De otra parte, la legislación preconstitucional contencioso—administrativa recoge en sus principios orientadores la imparcialidad, publicidad y contradicción de todas las actuaciones administrativas (D. 1/84, art. 3º). La potestad sancionatoria de la administración debe ceñirse a los principios generales que rigen las actuaciones administrativas, máxime si la decisión afecta negativamente al administrado privándolo de un bien o de un derecho: revocación de un acto favorable, imposición de una multa, pérdida de un derecho o de una legítima expectativa, modificación de una situación jurídica de carácter particular y concreto, etc. En tales casos, la pérdida de la situación jurídica —administrativa de ventaja debe ser consecuencia de una conducta ilegal y culposa cuya sanción sea impuesta al término de un procedimiento en el que esté garantizada la participación del sujeto y el ejercicio efectivo de su derecho de defensa.

(...).

Toda persona tiene derecho a que antes de ser sancionada se lleve a cabo un procedimiento mínimo que incluya la garantía de su defensa. La sola exigencia de una certificación secretarial o de una declaración de dos o más testigos presenciales para sancionar al acusado, prescindiendo de que éste pueda contradecir la veracidad de las pruebas, constituye una acción unilateral de la administración contraria al estado de derecho democrático y participativo y a la vigencia de un orden jurídico justo.
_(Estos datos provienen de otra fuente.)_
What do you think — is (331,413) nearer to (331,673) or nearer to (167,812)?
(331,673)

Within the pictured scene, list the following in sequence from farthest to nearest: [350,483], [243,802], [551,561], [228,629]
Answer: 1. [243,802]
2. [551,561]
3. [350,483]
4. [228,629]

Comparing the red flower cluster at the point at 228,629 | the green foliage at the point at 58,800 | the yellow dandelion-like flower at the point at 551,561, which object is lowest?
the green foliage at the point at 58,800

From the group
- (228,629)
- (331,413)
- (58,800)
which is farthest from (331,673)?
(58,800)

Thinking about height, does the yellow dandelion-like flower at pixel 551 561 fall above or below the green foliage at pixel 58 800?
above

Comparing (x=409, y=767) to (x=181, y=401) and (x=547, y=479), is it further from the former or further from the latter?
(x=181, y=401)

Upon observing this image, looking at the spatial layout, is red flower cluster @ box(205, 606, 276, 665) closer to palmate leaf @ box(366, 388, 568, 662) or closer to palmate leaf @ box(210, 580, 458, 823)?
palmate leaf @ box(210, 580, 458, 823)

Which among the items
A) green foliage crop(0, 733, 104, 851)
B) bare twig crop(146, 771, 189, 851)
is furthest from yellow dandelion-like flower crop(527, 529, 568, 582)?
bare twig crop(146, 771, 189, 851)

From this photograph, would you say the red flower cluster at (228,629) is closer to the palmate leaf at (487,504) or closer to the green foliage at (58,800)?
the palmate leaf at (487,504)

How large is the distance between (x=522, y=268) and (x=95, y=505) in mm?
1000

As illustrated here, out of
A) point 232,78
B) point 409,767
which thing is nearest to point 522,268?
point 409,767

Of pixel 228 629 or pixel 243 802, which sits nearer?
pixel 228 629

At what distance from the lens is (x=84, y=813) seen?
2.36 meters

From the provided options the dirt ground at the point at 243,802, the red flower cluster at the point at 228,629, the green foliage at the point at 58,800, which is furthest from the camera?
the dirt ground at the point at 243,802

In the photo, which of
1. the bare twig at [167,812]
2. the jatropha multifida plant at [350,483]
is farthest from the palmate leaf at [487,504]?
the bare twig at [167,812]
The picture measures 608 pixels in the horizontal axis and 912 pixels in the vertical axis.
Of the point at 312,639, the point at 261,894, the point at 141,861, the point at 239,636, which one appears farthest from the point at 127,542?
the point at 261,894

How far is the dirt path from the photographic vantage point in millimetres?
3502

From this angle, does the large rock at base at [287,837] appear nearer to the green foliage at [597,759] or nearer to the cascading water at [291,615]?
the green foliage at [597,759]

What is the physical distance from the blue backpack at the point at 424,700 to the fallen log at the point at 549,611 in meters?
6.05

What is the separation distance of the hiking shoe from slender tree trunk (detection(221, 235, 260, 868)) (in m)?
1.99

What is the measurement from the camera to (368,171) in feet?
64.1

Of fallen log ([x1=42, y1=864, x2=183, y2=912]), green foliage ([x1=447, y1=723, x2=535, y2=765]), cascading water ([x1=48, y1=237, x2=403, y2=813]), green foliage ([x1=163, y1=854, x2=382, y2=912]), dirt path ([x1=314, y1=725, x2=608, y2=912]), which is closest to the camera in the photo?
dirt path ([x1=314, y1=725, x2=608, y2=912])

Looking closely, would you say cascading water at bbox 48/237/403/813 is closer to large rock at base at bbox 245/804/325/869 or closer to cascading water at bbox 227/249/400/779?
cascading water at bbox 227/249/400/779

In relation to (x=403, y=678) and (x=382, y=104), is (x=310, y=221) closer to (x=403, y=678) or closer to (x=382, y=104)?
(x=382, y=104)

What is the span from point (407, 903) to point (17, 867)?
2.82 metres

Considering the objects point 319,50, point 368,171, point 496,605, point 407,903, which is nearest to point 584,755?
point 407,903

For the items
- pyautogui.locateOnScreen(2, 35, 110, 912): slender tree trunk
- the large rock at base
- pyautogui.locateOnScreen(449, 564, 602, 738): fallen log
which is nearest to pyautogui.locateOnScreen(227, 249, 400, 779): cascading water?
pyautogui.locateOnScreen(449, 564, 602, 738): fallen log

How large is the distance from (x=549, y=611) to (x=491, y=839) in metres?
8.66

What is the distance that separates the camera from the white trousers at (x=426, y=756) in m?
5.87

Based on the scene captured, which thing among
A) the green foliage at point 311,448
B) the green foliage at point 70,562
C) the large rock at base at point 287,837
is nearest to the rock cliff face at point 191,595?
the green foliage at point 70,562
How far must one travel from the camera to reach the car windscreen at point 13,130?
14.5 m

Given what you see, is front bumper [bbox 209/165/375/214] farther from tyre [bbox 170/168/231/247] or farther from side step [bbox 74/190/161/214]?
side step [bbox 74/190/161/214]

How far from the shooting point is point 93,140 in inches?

Con fundamento en lo anterior, no es de recibo el argumento según el cual comprobada la inexactitud de la documentación fundamento de una decisión administrativa procede automáticamente la imposición de la sanción —en este caso la cancelación de la inscripción en el registro de constructores—, quedándole al afectado la posibilidad de ejercer su defensa mediante el ejercicio oportuno de los recursos de reposición y apelación. Si bien la presunción de legalidad de los actos administrativos y los principios de celeridad y eficacia (D. 1/84 art. 3º) podrían respaldar la imposición de sanciones de plano en defensa del interés general (C.P. art. 1º), la prevalencia de los derechos fundamentales (C.P. arts. 85 y 86) y la especificidad del principio de presunción de inocencia aplicable al ámbito de las actuaciones administrativas (C.P. art. 29), hacen indispensable que la sanción sólo pueda imponerse luego de conceder al interesado la oportunidad de ejercer su derecho de defensa.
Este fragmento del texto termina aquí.